Saat itu saya baru tahu, ternyata untuk membuat sebuah pertunjukan teater bisa memakan waktu lama. Rata-rata 3-4 bulan, tapi saat kami membuat resital teater memakan waktu lebih lama yaitu sampai 9 bulan. Bisa jadi karena ini pun bagian dari rangkaian diklat, karena semua proses kami pelajari bertahap dan dari nol, seperti reading, pendalaman tokoh, membuat kostum, membuat artistik, mempelajari make up karakter, menjalin kerjasama penonton, mencari dana dan banyak lagi. Rasanya hampir setiap hari kami datang ke dapur-sebutan tempat ngumpul anggota UKM teater yang disediakan oleh kampus. Di dapur selain mempelajari banyak hal tentang teater, kami pun sering diajak diskusi, pengarahan, berbagi pengalaman dan berbagi banyak hal.

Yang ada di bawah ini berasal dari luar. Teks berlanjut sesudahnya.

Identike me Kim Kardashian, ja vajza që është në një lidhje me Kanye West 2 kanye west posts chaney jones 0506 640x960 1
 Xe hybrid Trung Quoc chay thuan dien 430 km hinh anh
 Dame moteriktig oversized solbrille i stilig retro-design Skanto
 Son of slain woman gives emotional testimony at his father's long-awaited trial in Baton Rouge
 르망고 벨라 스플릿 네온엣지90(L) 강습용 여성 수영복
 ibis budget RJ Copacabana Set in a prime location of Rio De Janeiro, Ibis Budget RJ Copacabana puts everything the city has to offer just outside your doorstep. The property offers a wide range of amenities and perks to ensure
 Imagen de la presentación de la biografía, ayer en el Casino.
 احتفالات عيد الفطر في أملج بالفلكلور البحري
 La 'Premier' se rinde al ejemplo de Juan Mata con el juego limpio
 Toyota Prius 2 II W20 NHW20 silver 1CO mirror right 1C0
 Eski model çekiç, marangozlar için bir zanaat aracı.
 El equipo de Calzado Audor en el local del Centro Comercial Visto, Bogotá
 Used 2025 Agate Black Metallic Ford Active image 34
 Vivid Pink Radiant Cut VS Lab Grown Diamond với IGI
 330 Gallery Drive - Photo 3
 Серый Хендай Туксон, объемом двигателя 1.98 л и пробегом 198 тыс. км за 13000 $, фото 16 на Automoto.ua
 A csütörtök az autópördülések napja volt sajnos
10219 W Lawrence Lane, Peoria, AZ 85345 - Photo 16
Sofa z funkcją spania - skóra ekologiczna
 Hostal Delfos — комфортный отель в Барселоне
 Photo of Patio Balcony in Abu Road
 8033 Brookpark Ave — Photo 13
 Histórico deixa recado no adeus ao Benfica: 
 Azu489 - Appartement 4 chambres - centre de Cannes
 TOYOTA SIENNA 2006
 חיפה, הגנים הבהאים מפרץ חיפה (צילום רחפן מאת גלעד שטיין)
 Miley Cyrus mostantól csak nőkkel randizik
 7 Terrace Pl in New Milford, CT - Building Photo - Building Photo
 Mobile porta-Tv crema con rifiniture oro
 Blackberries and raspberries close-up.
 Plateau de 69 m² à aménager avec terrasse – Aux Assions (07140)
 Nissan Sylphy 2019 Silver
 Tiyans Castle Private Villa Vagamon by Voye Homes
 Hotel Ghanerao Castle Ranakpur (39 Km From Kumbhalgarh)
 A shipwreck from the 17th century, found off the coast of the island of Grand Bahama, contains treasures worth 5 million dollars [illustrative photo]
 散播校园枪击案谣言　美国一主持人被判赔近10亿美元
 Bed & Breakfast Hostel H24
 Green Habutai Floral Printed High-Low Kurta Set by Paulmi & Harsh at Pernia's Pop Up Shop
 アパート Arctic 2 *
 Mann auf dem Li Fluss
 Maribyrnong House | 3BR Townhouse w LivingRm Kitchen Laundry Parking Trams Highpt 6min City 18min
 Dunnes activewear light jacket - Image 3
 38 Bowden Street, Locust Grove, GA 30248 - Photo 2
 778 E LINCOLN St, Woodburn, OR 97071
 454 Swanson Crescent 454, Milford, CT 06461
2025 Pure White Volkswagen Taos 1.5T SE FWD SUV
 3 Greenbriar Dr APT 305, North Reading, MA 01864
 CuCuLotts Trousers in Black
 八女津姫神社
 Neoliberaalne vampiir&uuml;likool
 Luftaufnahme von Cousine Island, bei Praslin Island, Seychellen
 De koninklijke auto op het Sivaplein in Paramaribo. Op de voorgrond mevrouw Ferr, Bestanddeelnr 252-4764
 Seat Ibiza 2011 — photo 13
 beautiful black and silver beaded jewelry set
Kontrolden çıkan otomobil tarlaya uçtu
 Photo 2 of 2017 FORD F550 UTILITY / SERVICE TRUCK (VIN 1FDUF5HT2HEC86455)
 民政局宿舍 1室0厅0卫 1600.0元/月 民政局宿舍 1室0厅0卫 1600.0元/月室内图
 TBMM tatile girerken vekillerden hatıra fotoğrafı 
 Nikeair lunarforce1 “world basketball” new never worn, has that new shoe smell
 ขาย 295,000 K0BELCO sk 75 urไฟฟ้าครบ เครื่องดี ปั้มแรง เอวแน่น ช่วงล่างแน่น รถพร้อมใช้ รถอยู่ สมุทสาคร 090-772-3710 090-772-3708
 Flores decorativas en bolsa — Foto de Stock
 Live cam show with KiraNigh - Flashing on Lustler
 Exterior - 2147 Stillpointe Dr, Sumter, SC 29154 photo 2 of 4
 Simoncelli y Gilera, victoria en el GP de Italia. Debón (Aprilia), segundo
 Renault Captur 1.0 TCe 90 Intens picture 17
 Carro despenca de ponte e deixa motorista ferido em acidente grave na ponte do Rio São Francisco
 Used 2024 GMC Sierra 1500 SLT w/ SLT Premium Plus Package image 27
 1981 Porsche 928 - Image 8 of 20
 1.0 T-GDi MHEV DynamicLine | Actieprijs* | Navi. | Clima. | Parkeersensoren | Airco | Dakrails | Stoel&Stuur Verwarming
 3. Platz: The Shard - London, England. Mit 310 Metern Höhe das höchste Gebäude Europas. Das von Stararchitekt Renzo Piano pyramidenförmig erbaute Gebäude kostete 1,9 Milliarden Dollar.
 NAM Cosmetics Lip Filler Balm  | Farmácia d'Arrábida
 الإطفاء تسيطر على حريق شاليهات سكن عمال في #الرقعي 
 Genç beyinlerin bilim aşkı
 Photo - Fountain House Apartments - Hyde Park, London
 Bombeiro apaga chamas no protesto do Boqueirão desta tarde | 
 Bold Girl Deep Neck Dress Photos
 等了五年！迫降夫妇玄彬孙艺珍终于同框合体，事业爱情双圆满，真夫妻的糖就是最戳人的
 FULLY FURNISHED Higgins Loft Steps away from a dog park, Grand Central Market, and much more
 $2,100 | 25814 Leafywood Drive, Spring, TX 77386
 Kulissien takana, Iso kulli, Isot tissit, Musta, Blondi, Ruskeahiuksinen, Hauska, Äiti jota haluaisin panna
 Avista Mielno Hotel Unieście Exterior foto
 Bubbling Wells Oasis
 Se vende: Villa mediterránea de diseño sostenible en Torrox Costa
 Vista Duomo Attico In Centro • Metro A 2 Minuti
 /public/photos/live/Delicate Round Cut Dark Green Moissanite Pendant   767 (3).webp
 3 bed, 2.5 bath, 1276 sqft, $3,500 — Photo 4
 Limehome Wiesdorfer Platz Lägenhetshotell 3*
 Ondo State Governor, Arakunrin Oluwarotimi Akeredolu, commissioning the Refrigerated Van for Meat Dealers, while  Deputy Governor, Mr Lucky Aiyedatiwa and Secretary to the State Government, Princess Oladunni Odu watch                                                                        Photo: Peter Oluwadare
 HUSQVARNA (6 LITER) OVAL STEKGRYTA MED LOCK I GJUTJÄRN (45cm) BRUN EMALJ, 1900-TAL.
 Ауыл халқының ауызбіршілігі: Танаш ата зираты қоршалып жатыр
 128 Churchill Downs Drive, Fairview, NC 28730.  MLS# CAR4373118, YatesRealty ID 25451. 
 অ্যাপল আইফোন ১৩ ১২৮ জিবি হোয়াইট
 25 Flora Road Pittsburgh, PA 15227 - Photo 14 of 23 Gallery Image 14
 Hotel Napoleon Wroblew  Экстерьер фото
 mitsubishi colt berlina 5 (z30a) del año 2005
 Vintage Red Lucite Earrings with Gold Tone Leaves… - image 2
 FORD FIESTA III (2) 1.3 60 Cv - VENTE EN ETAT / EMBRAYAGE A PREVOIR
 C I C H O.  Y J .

Ketika ada pertunjukan di kampus-kampus lain dan gedung pertunjukan, sebagai anggota baru, wajib nonton sebagai bahan studi pertujukan dan hasil analisanya wajib dituliskan.

Pertunjukan pertama saya dalam resital ini mengangkat naskah Kalijaga, saya berperan menjadi ibunya Kalijaga, ini pertunjukan teater pertama saya. Meskipun mendapat peran sedikit, tapi latihannya setengah mati. Semua pesan sangat terpatri: “Tidak ada peran besar atau kecil, semua pemain punya kapasitas yang sama dan sama-sama penting. Karena dalam teater semua kerja kolektif dan saling melengkapi. Kalau tidak ada satu orang maka pertunjukan tidak akan jalan.” Jadi tak ada alasan buat kami latihan bolong-bolong, karena ini sangat mempengaruhi aura latihan. Rupanya, proses latihan sehari-hari terasa beda ketika sudah didukung dengan kostum, musik, tata cahaya, artistik panggung yang dramatis, menjadi sangat nikmat dan indah menjadi tontonan. 

Ketika masuk tahun 1998, terjadi sebuah momen yang bersejarah, dimana saat itu masyarakat sudah kesal ketika Soeharto diangkat menjadi presiden untuk kesekian periode. Maka terjadilah reformasi yang berpengaruh pada kehidupan di masyarakat. Pemerintah yang bebal terhadap korupsi, kolusi dan nepotisme (KKN), membuat negeri ini dikuasai oleh golongan tertentu saja. Kegelisahan dari orang-orang kritis semakin muncul karena kondisi KKN ini terjadi pembiaran, pemakluman, mengakar, tumbuh segar dikalangan Orde Baru dan mau tidak mau membudaya di masyarakat.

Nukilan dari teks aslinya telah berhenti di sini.